蘇我一族は、645年の乙巳の変で虐殺されて怨霊と化す。
明治17年、1200年間の時を経て法隆寺夢殿の厨子がひらかれ、等身大の聖徳太子像としてつくられた救世観音像が開陳された。光背が観音像の後頭部に大きな釘で深々と打ちつけられている。梅原猛は「呪いの人形」と評し、法隆寺は蘇我氏といっしょにほろぼされた聖徳太子一族の怨霊を鎮める施設だと説いた。
法隆寺と四天王寺で奉納される舞楽「蘇莫者」の踊り狂う怪物は、四天王寺は物部守屋で、法隆寺は蘇我入鹿だという。飛鳥時代は、怨霊の祟りを怖れ、両寺において鎮魂と祟り鎮めをおこなう時代だった。平安時代になっても怨霊をおそれ、神泉苑において全国の国の数である66本の鉾を立て、池に納めて厄払いとしたのが祇園御霊会のはじまりだった。
「鬼門」や「北枕」という信仰の起源はヒミコの時代にあるという。
「ヒミコの鬼道(鬼神道)」とは、原初的な神道祭祀と道教との複合であり、当時の最先端の科学技術だったという。道教の「天円地方」(天空は丸く、大地は四角)という宇宙観をもとに、ヒミコが「前方後円墳」を発明し、以後300年つづく国家的流行の手本になった。「円=天」において神霊をうけつぎ、「方=地」において即位を宣言する。これが「天孫降臨」の儀式であると解釈する。「北枕」という風習はわが国の風習にはなかったが、道教の風習をとりいれて前方後円墳から被葬者は「北枕」になった。
東北(丑寅)の方向を「鬼門」とするのは日本、とりわけ都で強く信じられた。寺院の鬼瓦は「鬼門除け」であり、御所の東北角だけ塀が凹ますことで、鬼門を欠けさせていた。

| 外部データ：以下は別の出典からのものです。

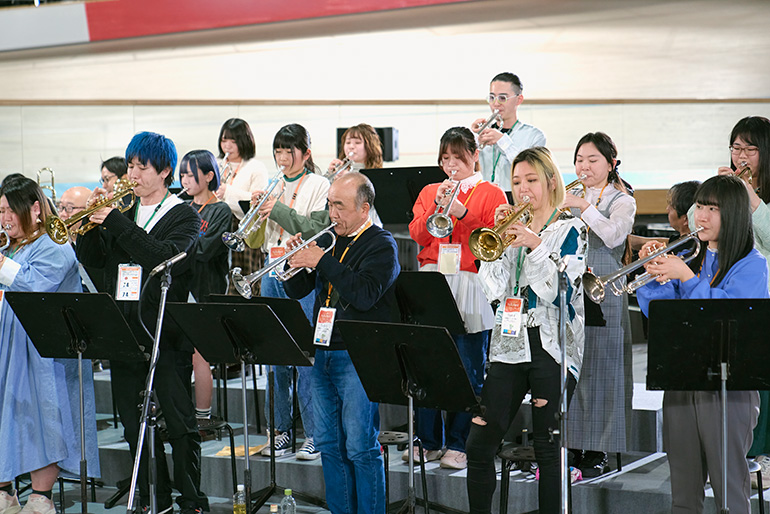 [写真] 複数の参加者が管楽器を演奏している様子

江戸の鬼門は、神田明神と浅草神社が表鬼門の守護として設定された。神田明神は、大手門前にあった将門明神社、通称・片目明神を現地在地にうつし、守護神として祀った。江戸徳川の鬼門守護は、鬼神・将門こそ第一であった。表鬼門はさらに先に三社祭で有名な浅草神社がある(浅草寺ではない)。裏鬼門の守りは山王日枝神社だった。鬼門守護の最終施策は水戸徳川の設置だ。家康は水戸家は鬼門守護の役割があるため「将軍継嗣」から除外した。ところが最後の将軍は、水戸徳川の慶喜だった。「鬼門の将軍は、幕府の滅亡を招いた」とも言われた。

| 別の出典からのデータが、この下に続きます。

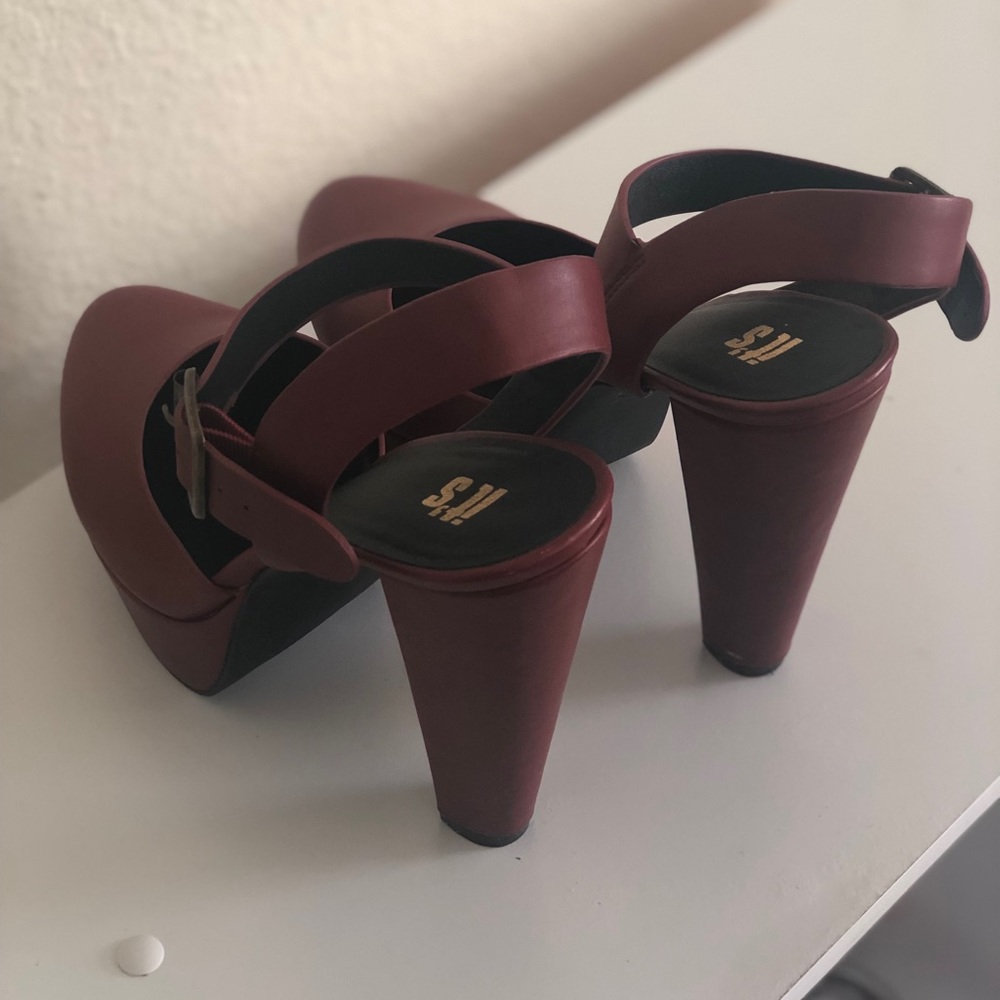 Platform heels - Picture 2 of 3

家康は、信長・秀吉の「風水断ち」を徹底し、「風水断ち」という呪術的手法によって天下を取ったがゆえに、家康はそれをおそれた。
そこで鬼門の「ダミー」をつくった。鬼門軸から30度ずれている寛永寺と増上寺があたかも鬼門軸であるかのように浸透させた。何者かが風水断ちとして寛永寺と増上寺を破壊しても、真の江戸風水は無傷であるようにした。ちなみに、東海村原子力発電所は東京の鬼門にあたるという。
桃太郎が子分に猿・雉・犬をえらんだのも鬼門に関係がある。「鬼門」は東北(丑寅)の方角で、その正反対の南西は「正」の方向に、申・酉・戌となる。鬼に立ち向かうための「正義」は、猿と雉と犬が体現する。わが国では鳥といえば雉のことだった。

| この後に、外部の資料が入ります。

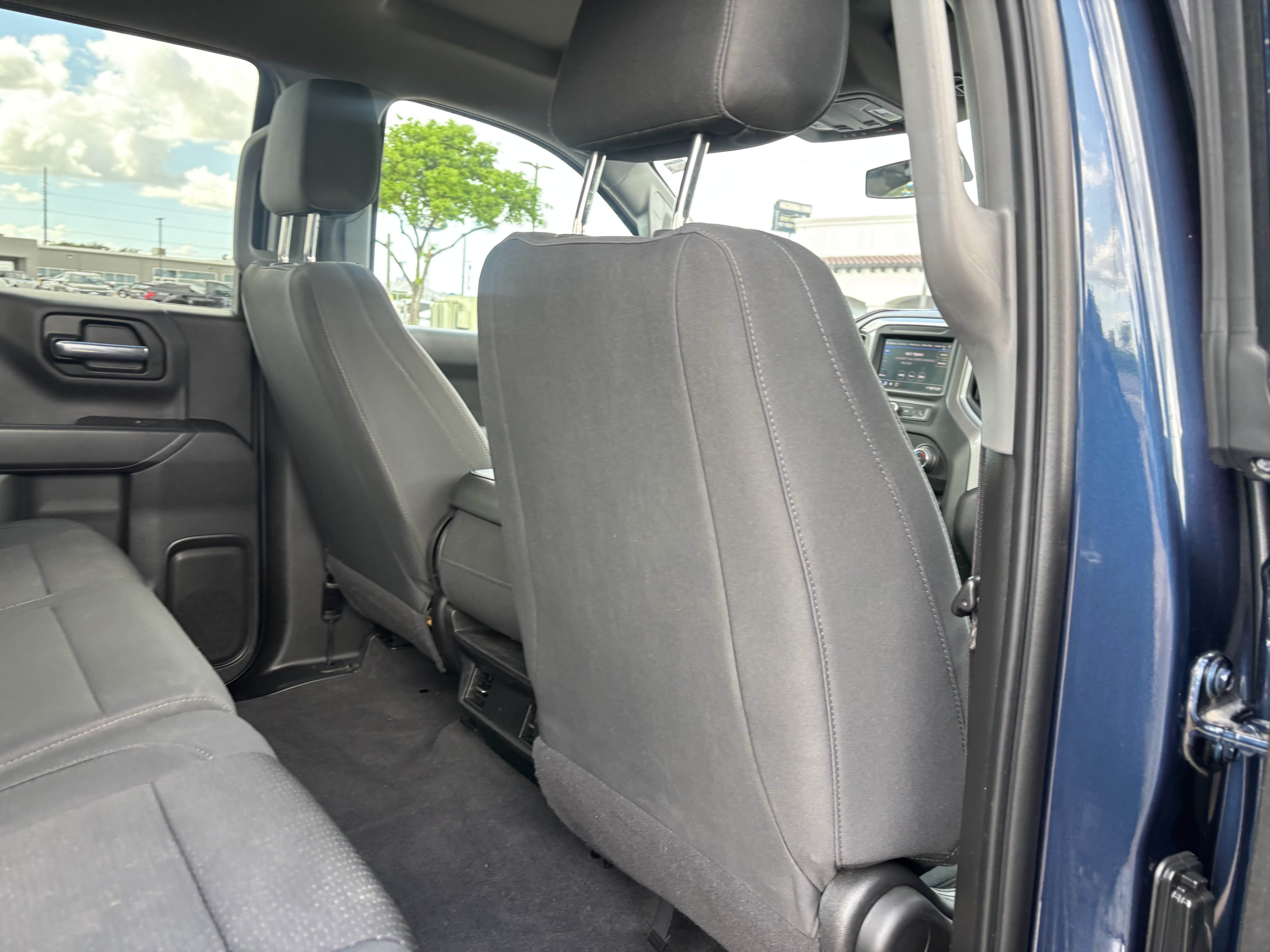 Used 2020 Chevrolet Silverado 1500 Custom w/ Custom Value Package RWD image 18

鬼門の方位・丑寅は一体で「艮(うしとら)」とも称する。「ごん」とも読む。これを五行の「金」と重ね合わせて「金神」が生まれた。安倍晴明はこれを最強の祟り神とした。金神は道教にも神道にもないが、俗習として広まり、江戸期には暦の迷信の代表格になった。金神を最高神として主祭神にしたのが金光教であり、「鬼門の金神」が世の中の立て替えをおこなうとしたのは大本教だった。
人々が鬼門を信じなければ、延暦寺も神田明神もなかったかもしれない。
迷信とはいえ1000年以上信仰されることで、鬼門は日本人の心身と一体となった。
「鬼」という観念でかくされた縄文の信仰を色濃くとどめているのは熊野だ。ゴトビキ岩はその名で呼ばれるようになったのは近年のことで、以前は「天の磐盾」と称されていた。
熊野3社は本来、本宮大社=家津御子大神、速玉大社=熊野速玉大神、那智大社=熊野夫須美大神を祀るもので、3神とも記紀には登場しない。とくに本宮の家都御子大神は古い縄文神だという。
熊野の正体は、「隠(おん・おぬ)」であり、「神野(かみの)」である。それは「鬼(おぬ・かみ)」と同一だった。太古より、鬼が隠れすむとされていた。
三輪大社の祭神であるオオモノヌシは、オオクニヌシでもオオナムヂでもないと筆者は断じる。
オオモノヌシは丹塗りの矢となって流れを下り、用足し中のセヤダタラヒメの女陰を突いて懐妊させる。生まれたのが神武妃となる。上賀茂神社の神話とおなじだ。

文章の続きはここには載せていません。